Location
- Elm and Hudson Streets Peekskill, New York United States

Information
- Type: Military academy
- Opened: 1833
- Status: closed
- Closed: 1968
- Campus size: 55 acres (22 ha)

= Peekskill Military Academy =

Peekskill Military Academy was a military academy for young men and women, founded in 1833 as Peekskill Academy, located in Peekskill, New York, United States.

==Background==
The academy was built by a hanging tree where a British spy was executed in 1777; his bones were discovered and relocated during construction of a dormitory in the 1860s. In 1841 the academy decided to only admit boys. By 1857 it was known as Peekskill Military Academy. The school song was titled "The Big House on the Hill". The school motto was "Stand Firm As An Oak.

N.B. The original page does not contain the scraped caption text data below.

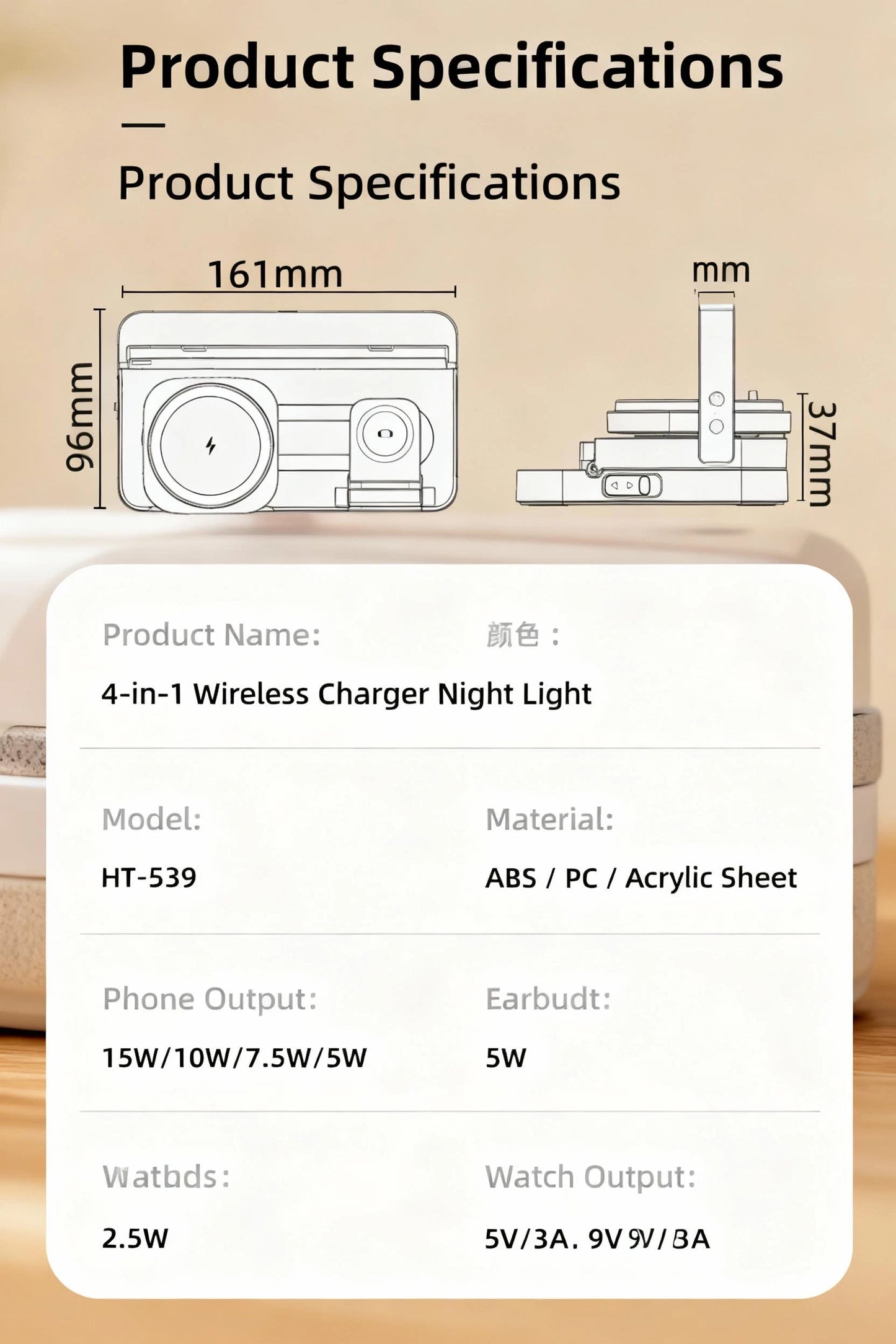 wireless 3‑in‑1 MagSafe Charger with LED Desk Lamp
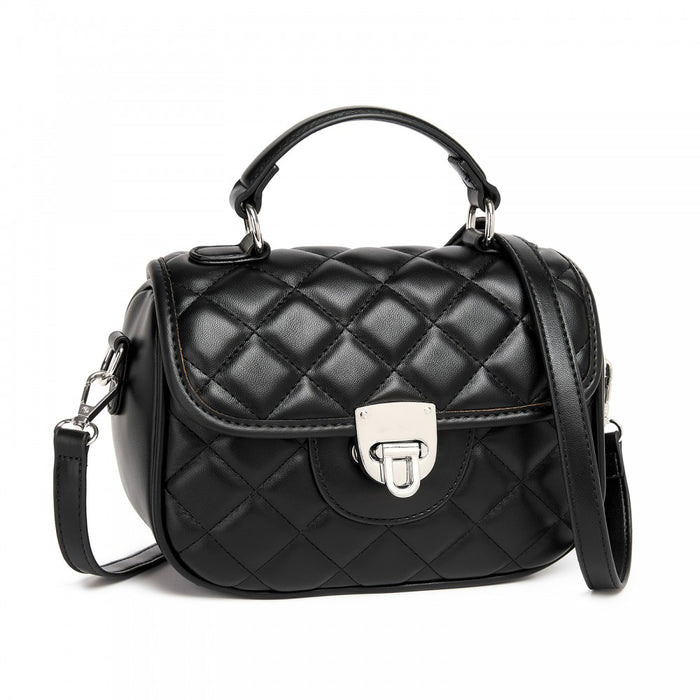Quilted PU Leather Crossbody Handbag with Secure Lock and Everyday Storage – Black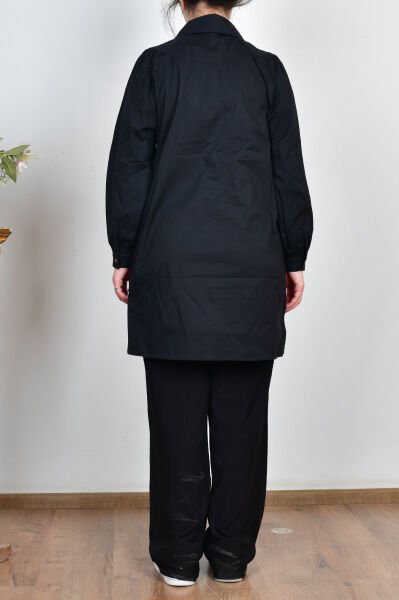 Allday BDX51348AL0 Siyah Kadın Sivri Yakalı Poplin Gömlek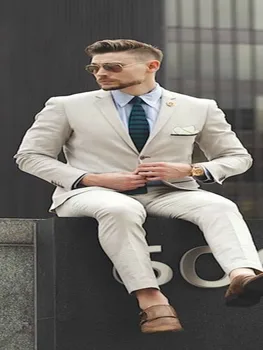 Комплект от 2 теми, Модерен оборудвана костюм 2020 г. с изрезки на лацканах, Съвременен дизайн палто и панталони, Мъжки костюми, Костюм Размер Плюс (яке + Панталон + вратовръзка)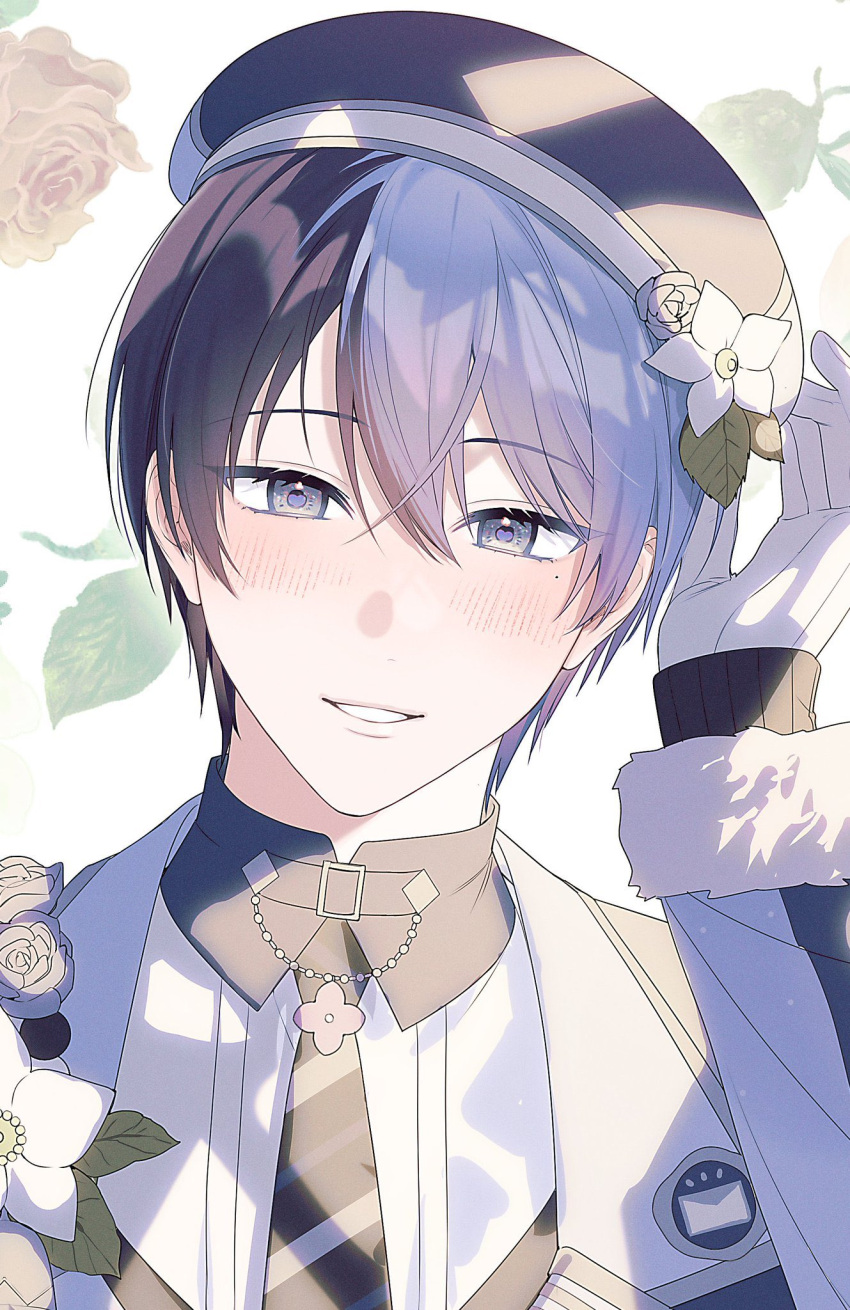 1boy, aoyagi_touya, arm_up, bad_id, bad_twitter_id, blue_eyes, blue_hair, clenched_teeth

Quit You Like Men." The academy closed in June 1968. The reason identified was a decline in enrollment and lack of endowment. Most buildings from Peekskill Military Academy were razed to make room for a new Peekskill High School building. The Ford Administration Building is the last significant structure remaining from the academy and it was added to the National Register of Historic Places in 2006.

During the 1960s, the New York Jets football team used the Academy and its playing field as a summer training camp. Joe Namath was a Jets team member at the time.

A tan brick road made of Dutch pavers, which used to lead from the steamboat dock to the academy and of which only one section remains as part of a parking lot, is known by city historian John Curran, and agreed upon by many others, to be the inspiration for the Yellow Brick Road in alumnus L. Frank Baum's Oz books including the Wizard of Oz.

==Luminaries==

Notable alumni include actor Lee Marvin, actor Guy Williams, banker Sandy Weill, writers L. Frank Baum and Paul West, politician Chauncey Depew, civil liberties advocate Narciso J. Alegre, musician and founding member of the legendary punk rock band Ramones Johnny Ramone, and Olympic swimmers Carl Robie and Stephen Rerych.

A former Peekskill commandant, Colonel Charles Jefferson (C.J.) Wright, founded New York Military Academy in 1889, and a former faculty member, Roland R. Robinson, founded Eastern Military Academy (1944–1979).